Madrid trees kill again this summer

Authorities in the Spanish capital have decided to chop down trees that could be rotten after a second resident died when a branch fell on him this summer, one of 20 incidents that have left several people injured and caused damage to public property.

A visit to Madrid wouldn’t be complete without taking a walk through El Retiro, a beautiful park in the heart of the city.

But an activity as carefree as this is now being overshadowed by the death of two locals who happened to be in the wrong place at the wrong time when rotten tree branches fell on them.

The first victim was a 38-year-old father of two who was playing with his children in El Retiro in late June when the accident happened.

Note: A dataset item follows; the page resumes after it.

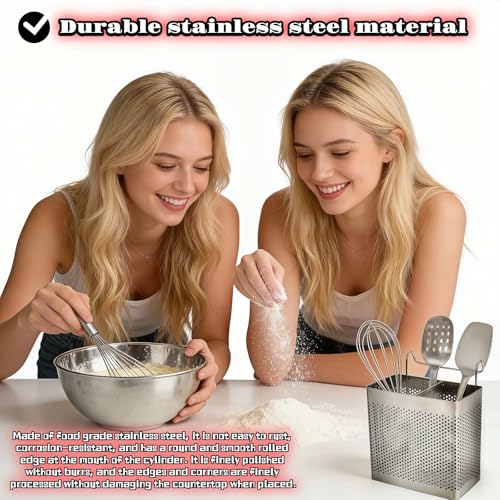 Stainless Steel Utensil Holder with Hooks - 2 Compartment Cutlery Organizer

The second was a 72-year-old man who died on Monday in a different part of the city for the same reason.

In the two-and-a-half months between these deaths, there have been 20 other tree-related accidents that have injured Madrid residents in central city streets – including a seven-year-old girl, – and smashed cars, terraces and other property.

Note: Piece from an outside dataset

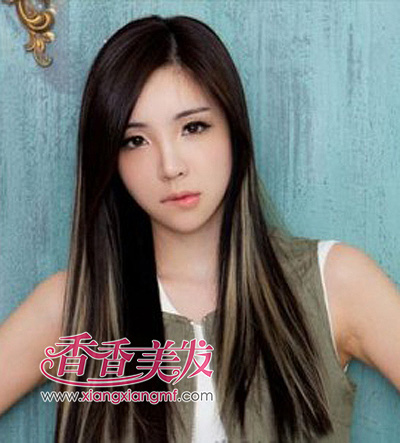 长直发染发造型图片 时尚烫染发型颜色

“For 40 to 50 years trees weren’t planted properly,” researcher Mariano Sánchez told Spanish national daily ABC.

“The problem affects not just El Retiro but the whole of Madrid and Spain. Carrying out studies to check if El Retiro’s 20,000 trees are rotten would be costly and complicated.”

Madrid’s right-wing mayor Ana Botella has been criticized by opposition groups such as the socialist PSOE party for slashing public spending on street and park maintenance.

Monday’s death has prompted her to act and send a team of specialists and foresters to chop down ‘suspicious’ trees in Madrid’s emblematic park.